Как странно обращение с мыслями такими
к тебе. Едва ли, ты взглянешь
на мысль убогую, кружащую по кругу.
Но кто же в центре ты ли иль не ты
иль в центре я, а ты вокруг повсюду?
Уж коли истина бытует по себе сама,
возможно ли ее достичь словами?
Или тебя? Вот множество из слов,
и все обращены к тебе, едва ли
тебя они достигнут, но меня
меня они как-будто приближают
к тебе. Так истина сама
не делается ближе если даже
я ей влеком, но делает меня
к ней ближе в мыслях, кто ж теперь посмеет
здесь усомниться в мысли? Мысли же - слова
суть и не что иное, понятые мной. Слова,
и каждое здесь отражает мысль,
но не находит слов здесь мысль о слове,
или о мысли. Слово “мысль” само
обращено к себе, как мысль о мысли.
Твержу о смысле “слов о мысли” мысля
и слов не нахожу, что б мысль запечатлеть в иных словах.
Но мысли и слова не узнают порой друг друга, мысль
растет словами вширь и вглубь, слова
становятся все значимей по мере
того, как мысль вбирает их в себя.
Произнесенные слова становятся течением,
во времени необратимым мысли,
и мысль сливается с воспоминанием о себе.
Но может, вдруг, невысказанное нечто
иль что-нибудь окажется важнее
всех вместе взятых высказанных истин?
Но важность, чем смогу я оправдать,
помимо тех же слов и круг замкнется снова.

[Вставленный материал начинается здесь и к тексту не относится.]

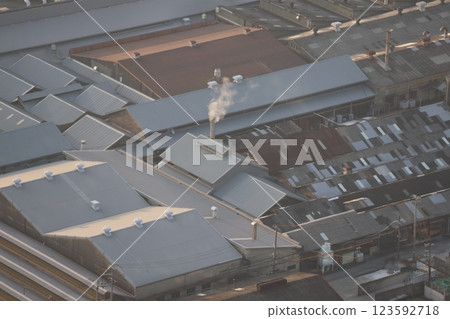 A view of a town with a factory with smoke coming out of its chimneys, seen from a high-rise building 123592718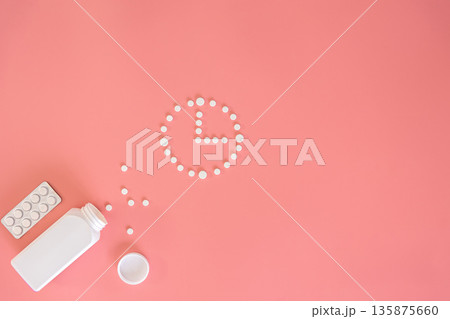 Flat lay, pills on a pink background, conceptual minimalism, medicine. Flat lay, pills on a pink background, conceptual minimalism, medicine. 135875660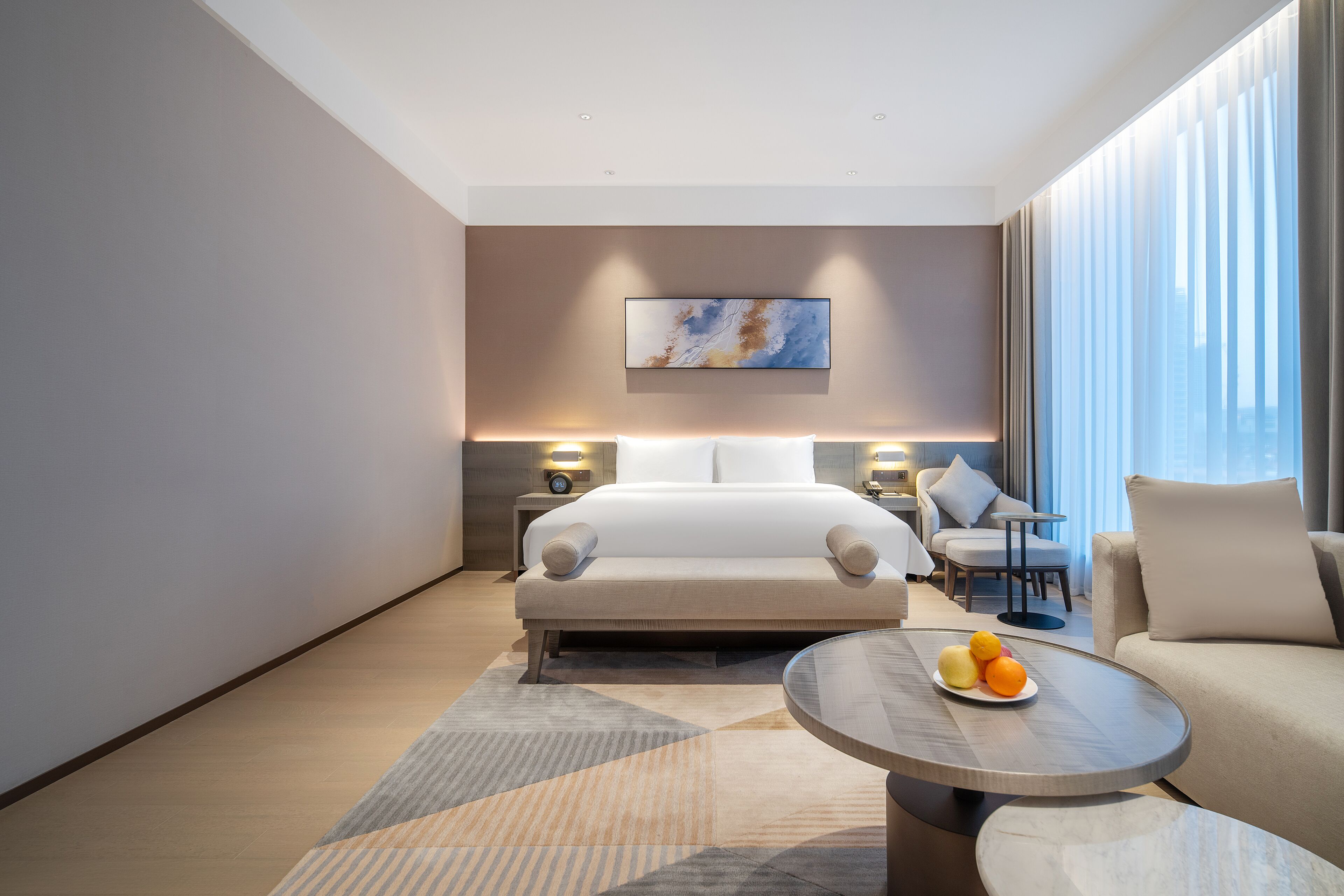 Habitación de hotel moderna con una cama grande, un sofá, una mesita de centro con fruta y vistas a la ciudad.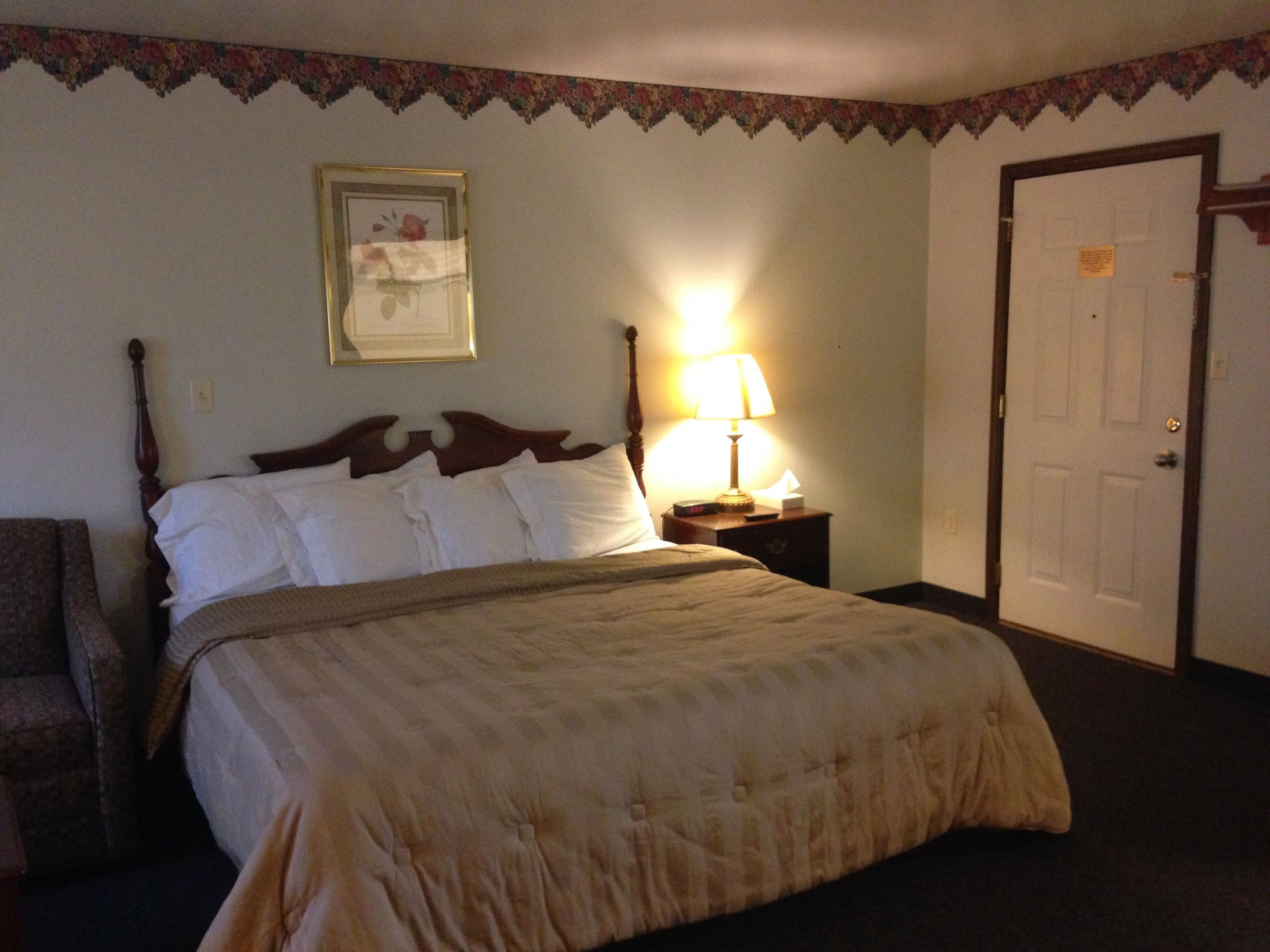 A neatly made bed with a wooden headboard, a bedside lamp, and a framed picture on the wall.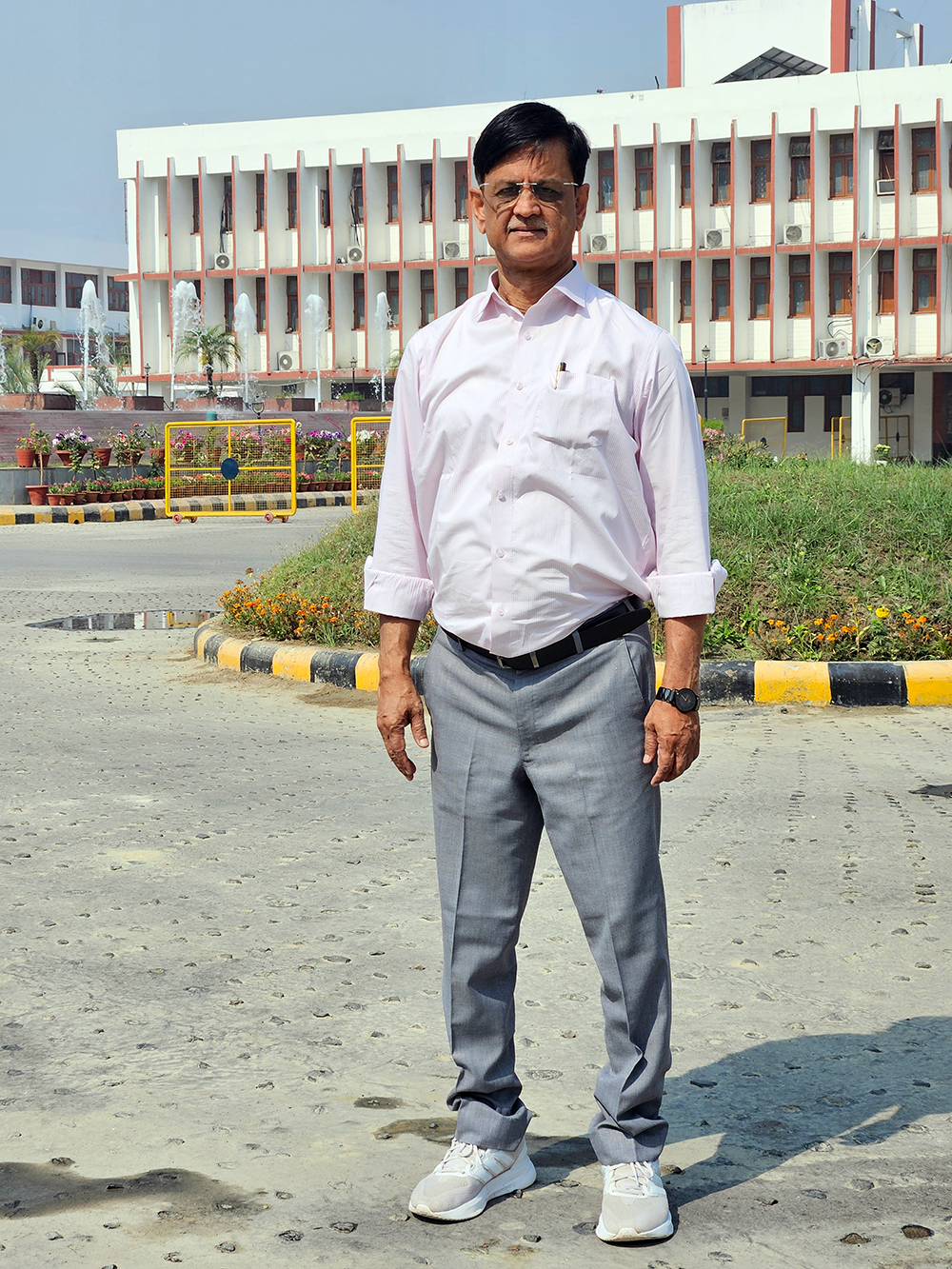 Ranjan Laik standing outside of a building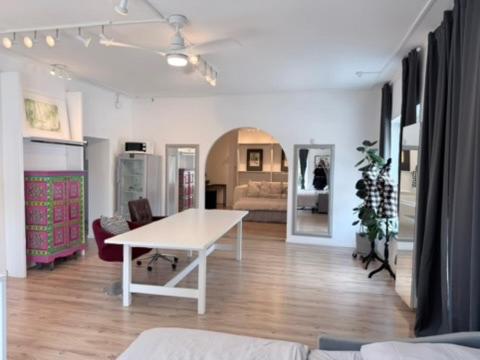 a living room with a white table and a couch at Wohnstudio Millstatt in Millstatt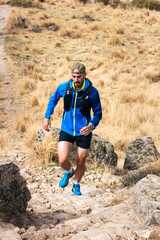 Young man practising trail running in the high mountains, while climbing to the top of the mountain.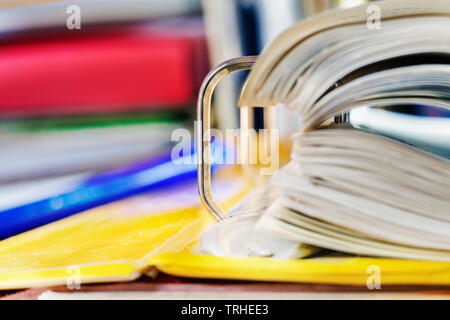 Open yellow binder close up , stack of white papers and bright metal rings , in the background colored folders Stock Photo
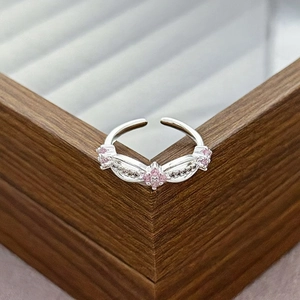 Detailed macro of silver adjustable ring featuring pink zircon stones and pavé crystals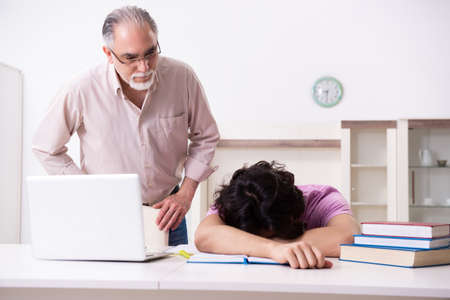 Old father helping his son in exam preparationの写真素材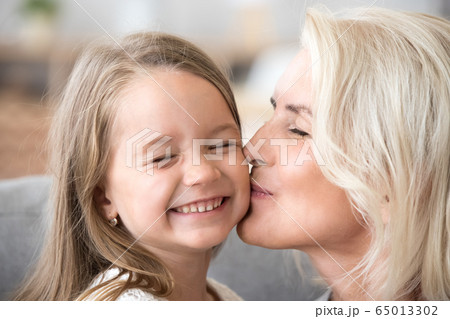 Loving old grandmother kissing cute preschool granddaughter on c 65013302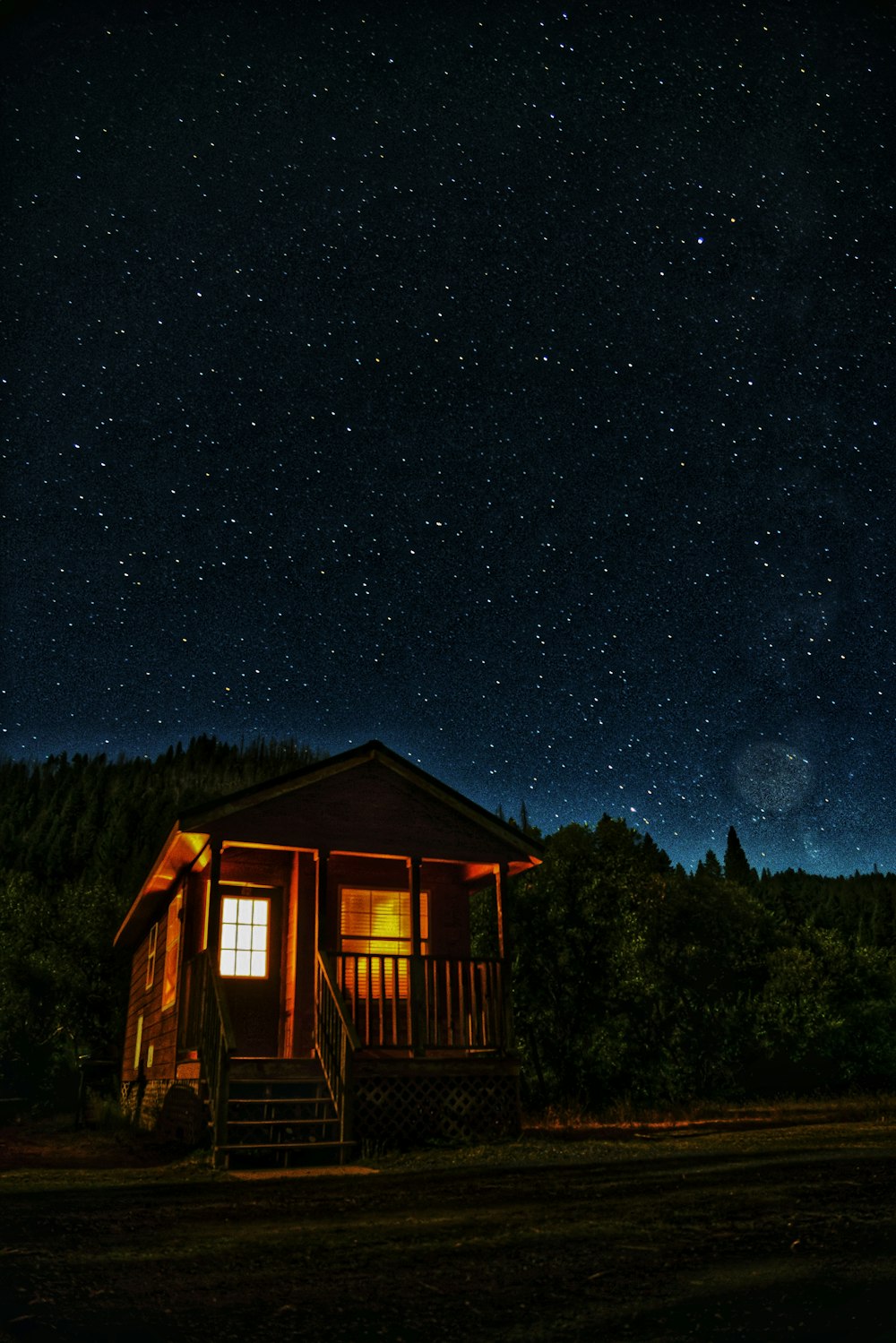 a cabin at night with the stars in the sky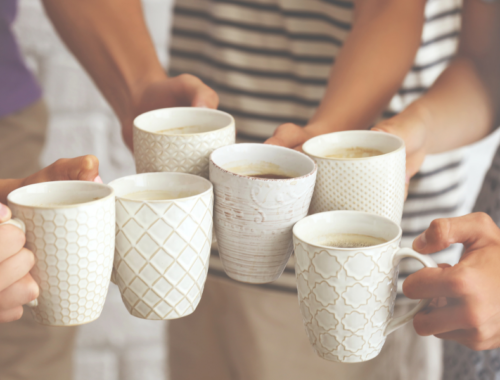 Coffee mugs being clinked together in celebration at a coffee morning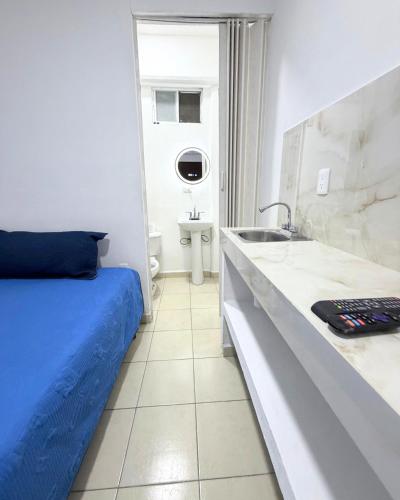 a bedroom with a blue bed and a sink at Hotel Posada Centro Atlacomulco Cuarto Barra in Atlacomulco de Fabela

Ничем ничто не может оправдать
Обычные желания души
уж если к ним еще вдруг примешалось тело
то рассудить желанье невозможно
возможно, правда, осудить его
словами, дав ему оценку
Душа иль что там тоже говорит
не подкрепляя, впрочем, рассуждением
свои слова, но словно флаг
выбрасывая из-за стен своей темницы
вдруг или радостный призыв
или уныние иль любовную тоску,
что содержанием делается мысли
любой в то время, пока боль не отступает
к иным пределам. Так, лишь увидав,
тебя в присутствии другого
иначе представляется бытие
течение жизни нарушает ход
и наполняется печалью, я
спешу скорее залатать дыру печали
словами выплеснуть печаль
на гладь листа дабы взглянуть
со стороны на то, что представляется клубком души
к которому нет доступа иного,
как лишь дивиться спутанности линий
пристрастий, озарений и обид. Едва ли
тебя хочу я в чем-то ограничить
скорее, мне б хотелось одарить
тебя, но вот твои желания
сокрыты в большинстве своем от глаз.
И это, в сущности, прекрасно ведь иначе
все станет слишком просто до того
что перестанет стоить нашего внимания.
Порой меня терзают злые мысли
действительно ли я задумал что-то или
возможно просто словно птицы надо мною
влекут с собой мой взор с восторгом и печалью
так мысли о тебе меня прельщают
своей несбыточностью и моей любовью.
Я каждый раз испуган коль случится
подобное помыслить или даже
нечаянно просто высказать хотя бы
свидетелем того лишь мне да и бумаге
могло бы выпасть, то, что происходит
здесь и сейчас. И я с сомнением
тогда вперяюсь в собственные строки
себе ль не веря или собственной надежде.
Но выметая разный хлам застрявший
асимметрично в разных полушариях
за время жизни, пряча под собой
иль заслоняя попросту от света
видения желаний и надежд
я нахожу, что размышления о тебе
отрадны. Коль уж скоро иногда
могу тебя я видеть или даже
иметь с тобой короткий разговор
того уже вполне довольно нужно только
продлить существование за грань
возможного, за грань того
что сам привычно называю гранью
и самому продлится за нее
хотя бы в мыслях. Вот же
наконец-то, та внутренняя грань что
все это время я хотел нащупать
Я чувствовал вполне ее не зная
где именно ее искать все время
играя в холодно и горячо имея
ее меж тем всегда перед собою
за гранью на краю чего-то там
пространства времени причин привычек
причина пребывает бытия
причина в том, что можно представлять
себе тебя помимо вопреки
всех доводов рассудка, обстоятельств
презренной жизни, впрочем не презренной
теперь, когда нашлось в ней скрытое начало.